What browser and operating system are you using?


----------



## RonGinger (Jul 3, 2014)

I use firefox with adblocker on Win 7


----------



## hitnmiss49 (Jul 3, 2014)

I also use Firefox with Adblock Plus on Win 7 and I am not having any of the problems you mentioned. Don't know what the problem might be.

Lonnie


----------



## RonGinger (Jul 3, 2014)

I guess I should not have complained- now all my history is gone and every time I long in I am taken to #1 of every topic, even if I have previously read every page.


----------



## Admin (Jul 5, 2014)

What do you mean all your history is gone? You understand I have no control of browser history right?


----------



## Brian Rupnow (Jul 5, 2014)

I am running windows. It used to be that on this forum, once you had visited a thread and posted in it, then anytime you returned to this thread, it would take you automatically to the latest entry. Now it doesn't. It always takes you to the first page of the thread. Only a minor annoyance, I know, but still an annoyance.---Brian Rupnow


----------



## Cogsy (Jul 6, 2014)

I'm running Windows and IE and I have had the same issue from time to time. As of last night I'm having it again. I don't change settings or anything, it just randomly occurs.


----------



## RonGinger (Jul 6, 2014)

Brian and Cogsy are describing exactly what I originally reported here. Now I never get back to my last seen message, I always get to the #1 topic.


----------



## BaronJ (Jul 6, 2014)

RonGinger said:


> Brian and Cogsy are describing exactly what I originally reported here. Now I never get back to my last seen message, I always get to the #1 topic.



I run Firefox and Chrome under Linux !  It's always been like that for me...


----------



## Cogsy (Jul 9, 2014)

This issue is still happening for me, except from the topics on the main forum page itself.

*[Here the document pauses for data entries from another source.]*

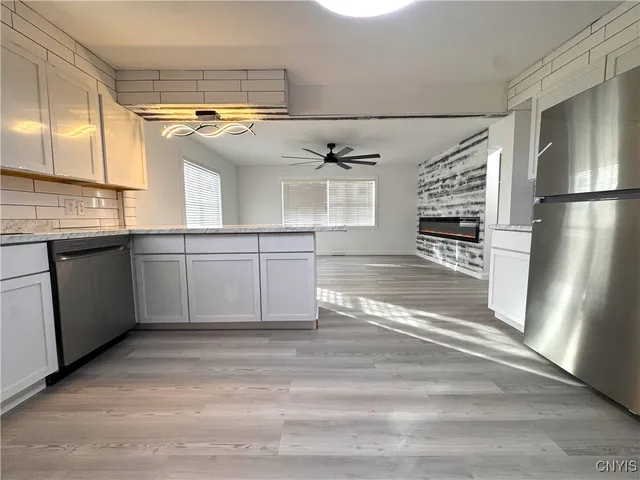 $279,000 | 5396 State Rte 26, Westmoreland, NY 13476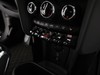 Mini Mini 3p 2.0 jcw jcw auto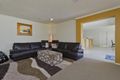 Property photo of 22 Caradon Drive Truganina VIC 3029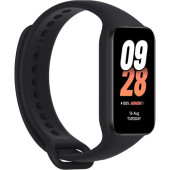 Xiaomi Smart Band 8 Active Siyah - 1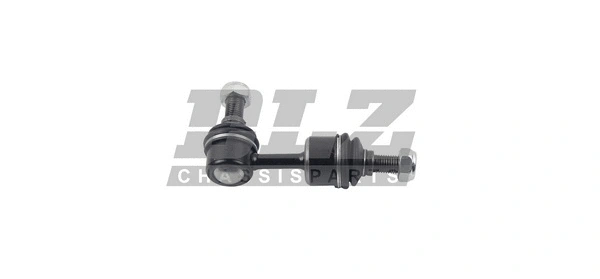Link/Coupling Rod, stabiliser bar (SL5000)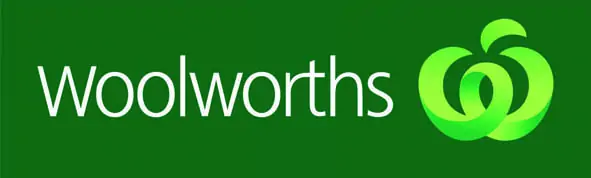 Woolworths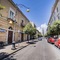 Crudo Home - map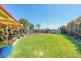 8 Crain Court, Harrington Park NSW 2567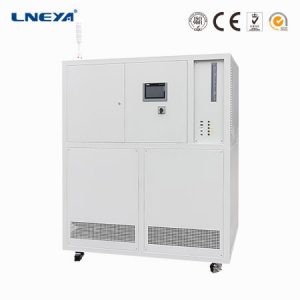 KRYZ  -40℃～+100℃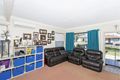 Property photo of 5 Wales Street Charlestown NSW 2290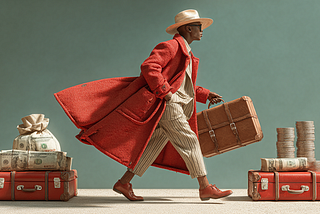 Travel Platform IT Audit: What to Check Before You Spend a Dollar on New Features
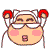 ͼƬ´ڴ򿪲鿴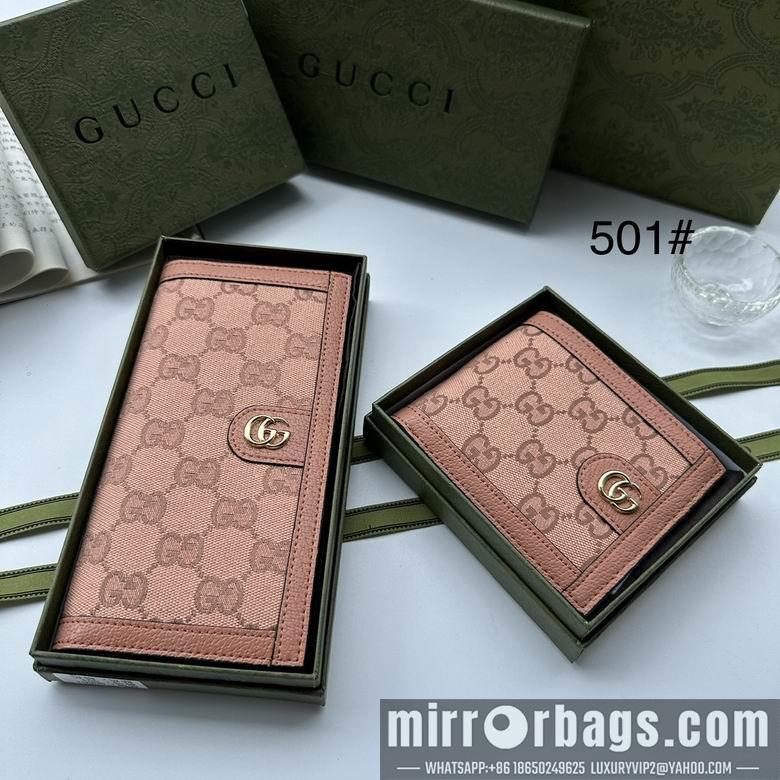 Replica Gucci Bags 1:1 501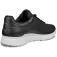 Ecco S-Casual 골프화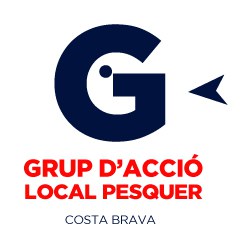 logo_GALP.jpg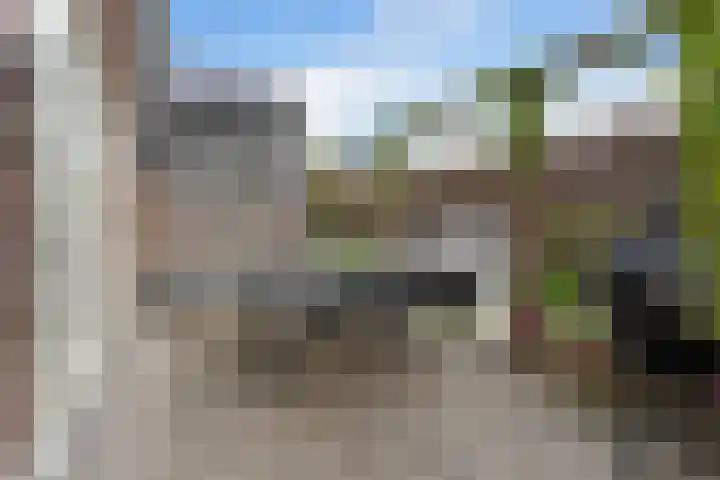 Westeind 50 Papendrecht thumbnail 47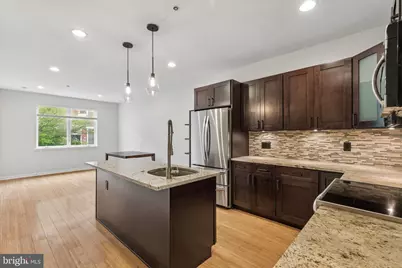 1211 Mount Vernon Street #1, Philadelphia, PA 19123 - Photo 11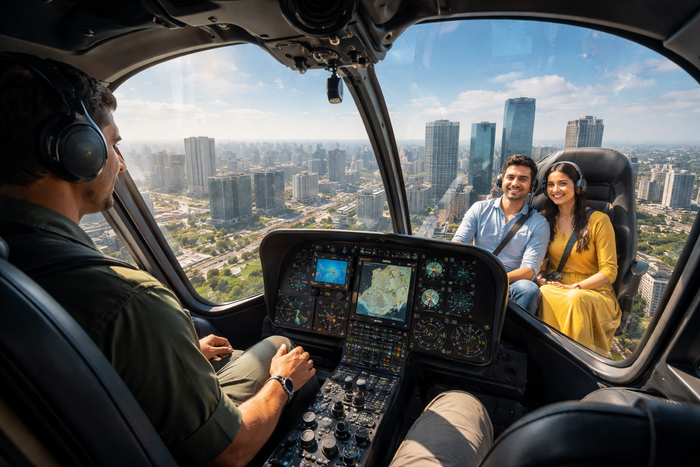 7809126924374-cockpit_view-rect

If I hover over the latest link in each section, it shows the link down the bottom as something like 
www.homemodelenginemachinist.com/showthread.php?goto=newpost&t=22658
However, if I hover over any other link, even the latest threads section on the main forum page, the link is like
www.homemodelenginemachinist.com/showthread.php?t=23256

It seems obvious the goto=newpost function controls where you are sent in the thread, be it the beginning, or to where your 'cookie' says you last looked at the thread, or at least towards the end where the new posts are. As users, we can't control the functions in the link so it must be a system error or change in format.


----------



## Admin (Jul 9, 2014)

That is going to help.   I've passed it to the tech.


----------



## RonGinger (Jul 28, 2014)

Hey,  it looks like this got fixed. good work, whoever did it. Its a small thing, but it makes the forum so much more pleasant to read.


----------



## Admin (Jul 29, 2014)

Not a problem. Sorry it took a bit. Been in the middle of a ton of stuff.


----------